2/2 Mon bâtiment à l’abandon avant sa destruction
Au début, ce n’était rien de grave, juste quelques fois où ils ne nettoyaient pas l’ascenseur, des trucs comme ça. Après, ça s’est empiré : ils ont arrêté de répondre aux demandes des habitants. Certains avaient des problèmes de chauffage ou d’humidité. J’habitais à Épinay-sur-Seine, dans la cité des Presles. Le logement était bien, mais vu qu’ils ont décidé de détruire le bâtiment, ils ont arrêté de s’en occuper.
Moi, j’étais dans le bâtiment du gardien. Là, ils s’en occupaient, il n’y avait aucun problème. Mais les autres voisins en parlaient avec moi. Petit à petit, plein de gens ont commencé à déménager parce qu’ils en avaient marre. Et le propriétaire a arrêté de loger de nouvelles personnes. Ils voulaient vider le bâtiment.
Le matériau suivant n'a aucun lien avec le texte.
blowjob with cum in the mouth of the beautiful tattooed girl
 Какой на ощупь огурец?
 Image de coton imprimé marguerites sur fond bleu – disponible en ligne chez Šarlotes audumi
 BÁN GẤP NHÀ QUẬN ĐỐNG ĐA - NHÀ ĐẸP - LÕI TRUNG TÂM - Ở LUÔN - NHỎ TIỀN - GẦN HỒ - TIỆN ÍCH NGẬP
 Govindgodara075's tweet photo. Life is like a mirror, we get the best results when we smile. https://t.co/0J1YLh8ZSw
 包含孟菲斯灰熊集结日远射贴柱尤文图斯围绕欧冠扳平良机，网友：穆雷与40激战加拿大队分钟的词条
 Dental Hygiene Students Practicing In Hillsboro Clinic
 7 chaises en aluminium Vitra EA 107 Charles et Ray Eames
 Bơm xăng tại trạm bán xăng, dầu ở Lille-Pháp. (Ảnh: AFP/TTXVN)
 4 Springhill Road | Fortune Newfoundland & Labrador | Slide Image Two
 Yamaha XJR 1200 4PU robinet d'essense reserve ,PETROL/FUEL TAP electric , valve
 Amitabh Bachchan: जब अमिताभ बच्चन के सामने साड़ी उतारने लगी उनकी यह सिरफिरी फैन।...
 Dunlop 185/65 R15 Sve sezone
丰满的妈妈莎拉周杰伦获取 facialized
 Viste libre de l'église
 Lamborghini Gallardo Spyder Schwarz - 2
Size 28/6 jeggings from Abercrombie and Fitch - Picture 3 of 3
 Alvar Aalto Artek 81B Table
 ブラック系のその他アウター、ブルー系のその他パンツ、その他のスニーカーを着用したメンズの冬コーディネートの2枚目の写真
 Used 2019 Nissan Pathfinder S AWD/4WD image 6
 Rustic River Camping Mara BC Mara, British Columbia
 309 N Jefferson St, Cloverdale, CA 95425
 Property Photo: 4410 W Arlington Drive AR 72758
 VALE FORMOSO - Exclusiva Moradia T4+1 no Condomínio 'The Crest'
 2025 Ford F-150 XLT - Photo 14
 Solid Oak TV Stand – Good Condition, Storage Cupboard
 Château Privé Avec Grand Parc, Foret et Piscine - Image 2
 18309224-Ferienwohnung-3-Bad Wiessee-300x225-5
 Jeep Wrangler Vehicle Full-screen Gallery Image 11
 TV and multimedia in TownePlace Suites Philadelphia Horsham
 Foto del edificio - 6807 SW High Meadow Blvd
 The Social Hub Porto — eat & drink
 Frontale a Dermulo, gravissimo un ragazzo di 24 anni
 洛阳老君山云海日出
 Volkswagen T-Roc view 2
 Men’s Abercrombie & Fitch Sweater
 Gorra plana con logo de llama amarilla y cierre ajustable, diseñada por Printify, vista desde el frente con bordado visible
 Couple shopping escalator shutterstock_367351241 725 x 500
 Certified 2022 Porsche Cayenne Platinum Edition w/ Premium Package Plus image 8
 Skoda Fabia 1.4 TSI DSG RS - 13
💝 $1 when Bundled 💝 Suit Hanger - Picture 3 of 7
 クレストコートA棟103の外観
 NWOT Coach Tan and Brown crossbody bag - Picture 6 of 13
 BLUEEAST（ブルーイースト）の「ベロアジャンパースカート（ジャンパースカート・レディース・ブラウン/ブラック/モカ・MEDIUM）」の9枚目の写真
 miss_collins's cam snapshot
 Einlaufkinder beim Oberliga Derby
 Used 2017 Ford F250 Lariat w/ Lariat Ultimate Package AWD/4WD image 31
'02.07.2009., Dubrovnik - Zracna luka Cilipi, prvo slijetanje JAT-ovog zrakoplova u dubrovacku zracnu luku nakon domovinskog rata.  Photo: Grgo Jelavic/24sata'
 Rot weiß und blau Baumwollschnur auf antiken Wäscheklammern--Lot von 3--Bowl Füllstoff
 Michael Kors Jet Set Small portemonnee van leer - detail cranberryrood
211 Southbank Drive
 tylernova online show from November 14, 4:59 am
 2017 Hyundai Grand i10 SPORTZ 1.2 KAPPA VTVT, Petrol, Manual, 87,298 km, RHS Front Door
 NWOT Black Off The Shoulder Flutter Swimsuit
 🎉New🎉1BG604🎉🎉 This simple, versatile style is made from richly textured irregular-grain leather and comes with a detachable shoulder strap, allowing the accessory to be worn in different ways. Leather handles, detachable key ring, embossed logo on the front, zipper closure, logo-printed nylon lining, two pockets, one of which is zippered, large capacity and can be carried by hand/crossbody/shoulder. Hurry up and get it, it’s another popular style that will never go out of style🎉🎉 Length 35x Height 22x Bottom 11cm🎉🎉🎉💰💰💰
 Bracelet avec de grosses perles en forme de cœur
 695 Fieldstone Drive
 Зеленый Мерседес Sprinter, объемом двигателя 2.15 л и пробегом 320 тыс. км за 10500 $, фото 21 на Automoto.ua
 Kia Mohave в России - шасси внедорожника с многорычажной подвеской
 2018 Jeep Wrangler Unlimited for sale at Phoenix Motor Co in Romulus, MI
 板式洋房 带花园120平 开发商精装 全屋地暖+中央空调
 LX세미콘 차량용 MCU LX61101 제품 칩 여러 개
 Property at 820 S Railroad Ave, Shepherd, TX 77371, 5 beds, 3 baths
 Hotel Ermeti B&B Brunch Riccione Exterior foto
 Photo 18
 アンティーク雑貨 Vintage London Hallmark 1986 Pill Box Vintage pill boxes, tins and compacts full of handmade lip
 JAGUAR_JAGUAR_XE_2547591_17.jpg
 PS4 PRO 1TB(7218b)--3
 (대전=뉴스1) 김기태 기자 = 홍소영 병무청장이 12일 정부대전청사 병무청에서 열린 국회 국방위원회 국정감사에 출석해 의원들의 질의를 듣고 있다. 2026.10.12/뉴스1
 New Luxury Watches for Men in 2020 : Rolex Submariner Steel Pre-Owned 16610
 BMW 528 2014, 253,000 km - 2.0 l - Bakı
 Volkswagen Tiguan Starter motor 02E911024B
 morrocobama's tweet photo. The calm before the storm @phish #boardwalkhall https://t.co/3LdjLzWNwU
Ensuite, ils ont officiellement annoncé qu’ils allaient le détruire. Ils l’avaient écrit sur une feuille affichée à l’entrée et avaient envoyé des lettres pour dire qu’ils enclenchaient une procédure de relogement. Ils ne nous ont pas dit quand. À ce moment-là, on a fait une demande pour déménager auprès de la mairie, mais les procédures prenaient grave du temps. On avait demandé plusieurs villes où on souhaitait habiter mais ils nous avaient dit d’attendre, qu’ils nous contacteraient eux-mêmes.
Les procédures sont longues, le bailleur force à partir
Les procédures prenaient du temps, du coup le bailleur voulait forcer les gens à partir. Ils ont carrément fermé le parking, il n’y avait presque plus de place où se garer, c’était relou !
Une fois que les bâtiments se sont vidés, des gens ont commencé à se poser là-bas. Des jeunes du même quartier en ont profité. Dans mon bâtiment, ça allait : on connaissait les gens et ils respectaient mais, dans les autres, les habitants n’avaient pas cette chance, c’était grave dur.
Chaque fois qu’ils descendaient de chez eux, ils sentaient l’odeur de la fumée, de la pisse et tout. Et le soir, il y avait beaucoup de bruit. Ils n’arrivaient plus à dormir et même quand ils en parlaient à la mairie : aucun changement.
Un an à attendre le relogement
Carrément, à la fin, il n’y avait même plus de gardien. Juste une sécurité qui s’occupait des appartements vides. C’est à ce moment-là qu’on a eu des réponses pour un nouveau logement.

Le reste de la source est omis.